:: What to produce ::
Copy exactly the lines of the data below, beginning with the line with "- confronta-i-valori-assoluti worksheet" and ending with the line with "Renovierung: Wie viel Geld einplanen?". Pictures are to be omitted.

====== Material provided ======

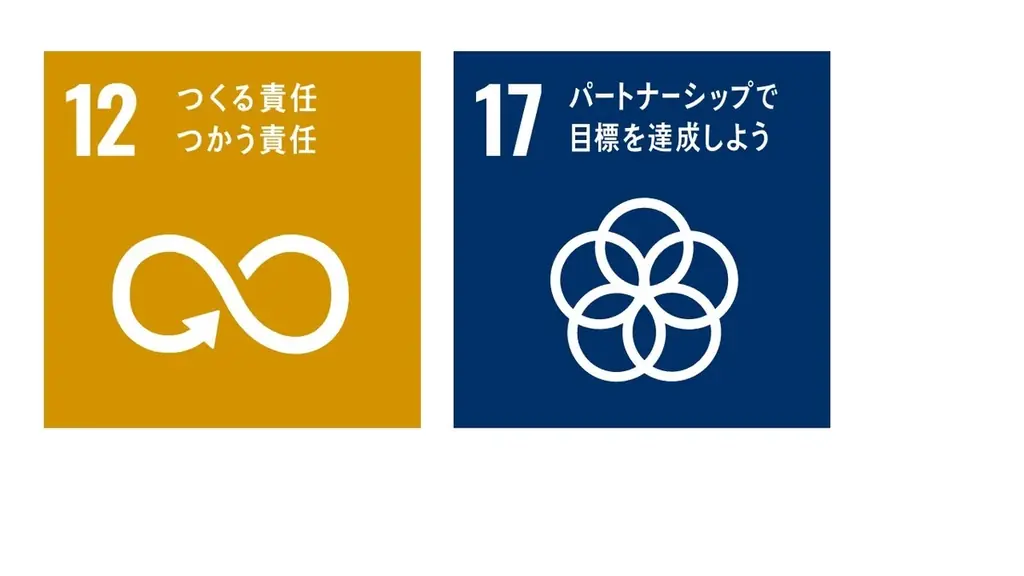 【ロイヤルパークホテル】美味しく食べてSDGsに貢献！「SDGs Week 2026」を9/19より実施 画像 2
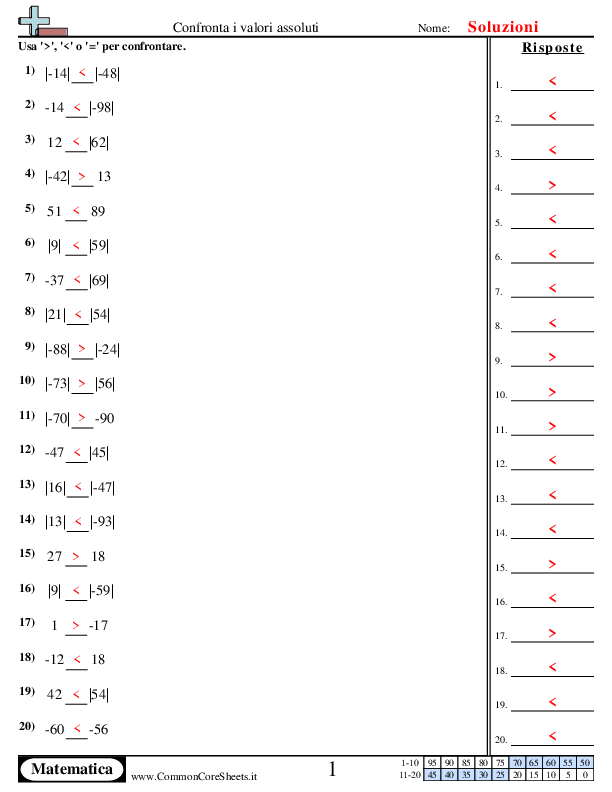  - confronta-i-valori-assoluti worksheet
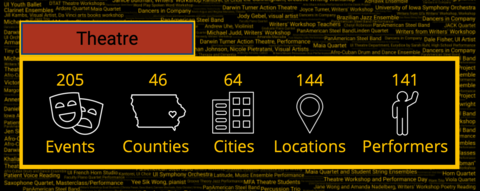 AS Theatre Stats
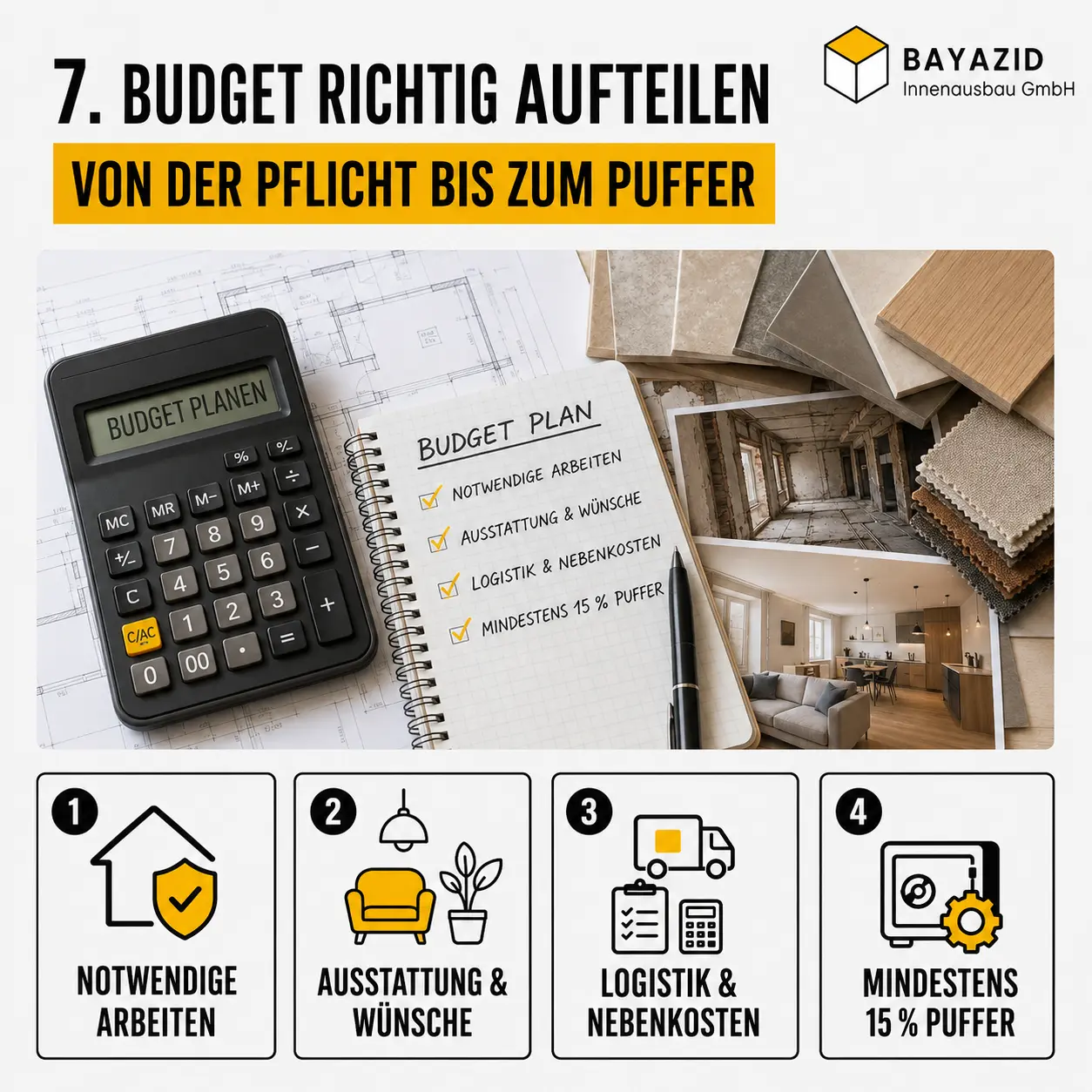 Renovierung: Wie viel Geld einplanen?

======
====== Material provided ======

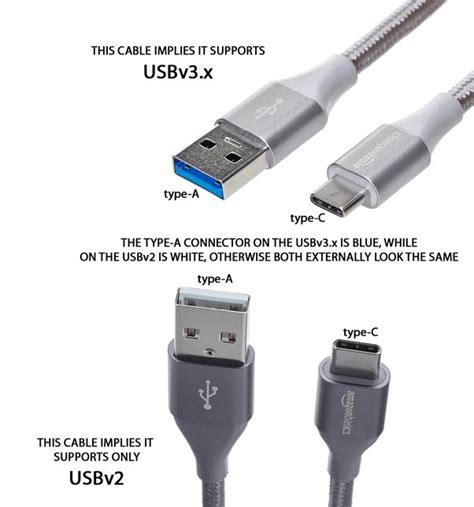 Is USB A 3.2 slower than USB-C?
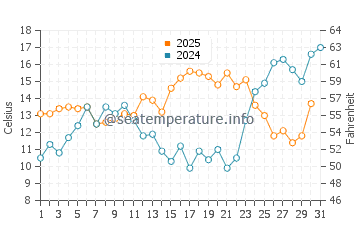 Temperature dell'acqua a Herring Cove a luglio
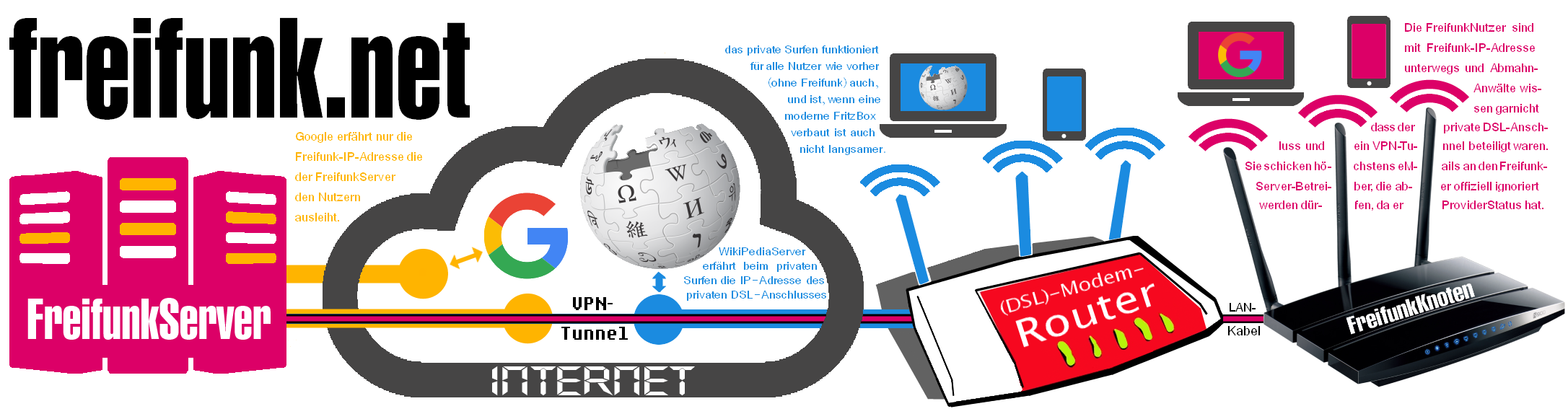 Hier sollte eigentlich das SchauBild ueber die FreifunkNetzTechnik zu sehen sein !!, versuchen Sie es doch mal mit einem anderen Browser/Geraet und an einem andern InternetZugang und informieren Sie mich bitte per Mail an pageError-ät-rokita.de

======

:: Your response ::
  - confronta-i-valori-assoluti worksheet
 AS Theatre Stats
 Renovierung: Wie viel Geld einplanen?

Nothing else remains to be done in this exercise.